Copper would also precipitate any silver from a sulfate solution as elemental silver forming a copper sulfate solution, but silver sulfate being so insoluble, I suspect that was residual silver nitrate solution before using the copper buss bar.


Silver chloride or any silver sulfate can be filtered from silver nitrate solution before precipitating the silver with a buss bar.

Save anything until you know what it is and how to deal with it to get any values or how to dispose of safely.

saving powders I would give few wash's with boiling water (keeping solution very hot till all powders settle, then neutralize powders with hydroxide solution, dry them, roast them red hot, store in sealed jar with label of where they came from and what you suspect they are, then search for Hokes book and do her experiments of getting acquainted with metals and acids, you will soon learn to deal with most anything you will encounter.

Edit to add: the salts (byproducts) from making nitric acid are very useful, to me it is just part of the chemicals I bought when I bought sulfuric acid and nitrate salts, why would I want to dispose of a chemical I may need to go and buy for some other process, or for some other chemical reaction I may want to do. these are sodium or potassium sulfates or bisulfates depending on your process for making your nitric acid. very useful in our field of recovery and refining of precious metals.

Hope I explained this proper to be understandable.
 
Hi Butcher,

Thanks for the insight!

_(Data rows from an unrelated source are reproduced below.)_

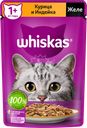 Корм консервированный для взрослых кошек WHISKAS желе с курицей и индейкой, 75г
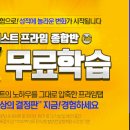 엠베스트대전교육센터 이미지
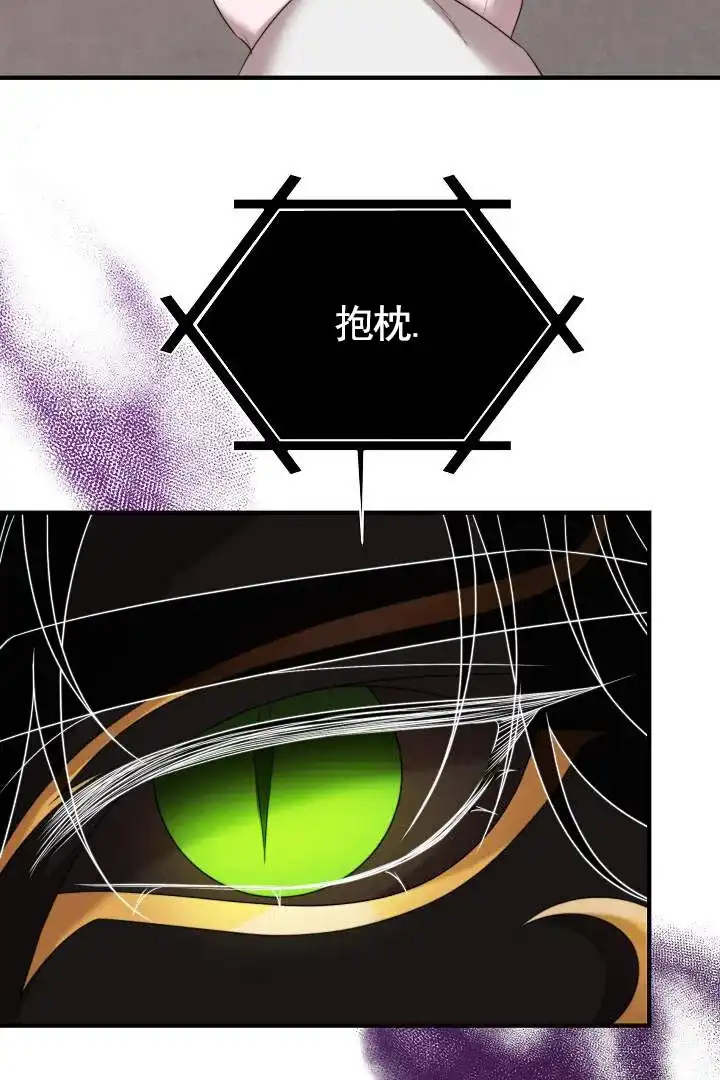 《傀儡契约》第5话 第33页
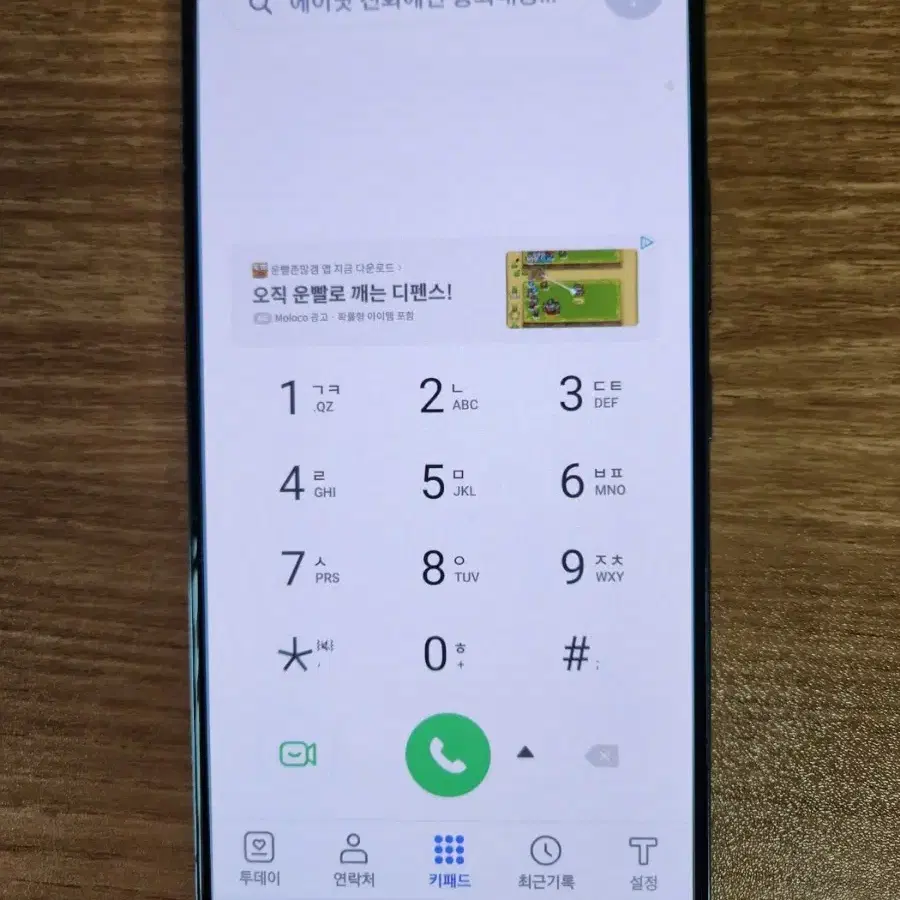 갤럭시 S22 256 그린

I suspected the salts were sodium sulfate and I guess I need to figure out how to recycle or reuse them. As for the precipitate with the tiny silver flecks it looks a little different than the regular silver cement that I get but I, too, think it looks like a silver powder. Tomorrow I will melt a small quantity of it to see if it becomes metallic silver. I suspect it will. I have been keeping my sulfates and other by-products as Hoke suggested. I keep everything including all my used filters, etc. I need to learn how to deal with that stuff before it piles up too much. As always, your advice is greatly appreciated.

On another note, I spent this past weekend running experiments on how to dissolve .925 silver in 50% homemade nitric. As you surely know that is completely different than just dissolving pure silver in 70% nitric and an equal amount of DH2O. I came up with some really interesting results and a "new" method. Do you think this forum would be a good place to post those results, and to describe the method I found to work best, or should I just keep the information under my hat and not risk confusing anyone?
 
silver salts when melted can burn off in smoke making you wonder where your silver went.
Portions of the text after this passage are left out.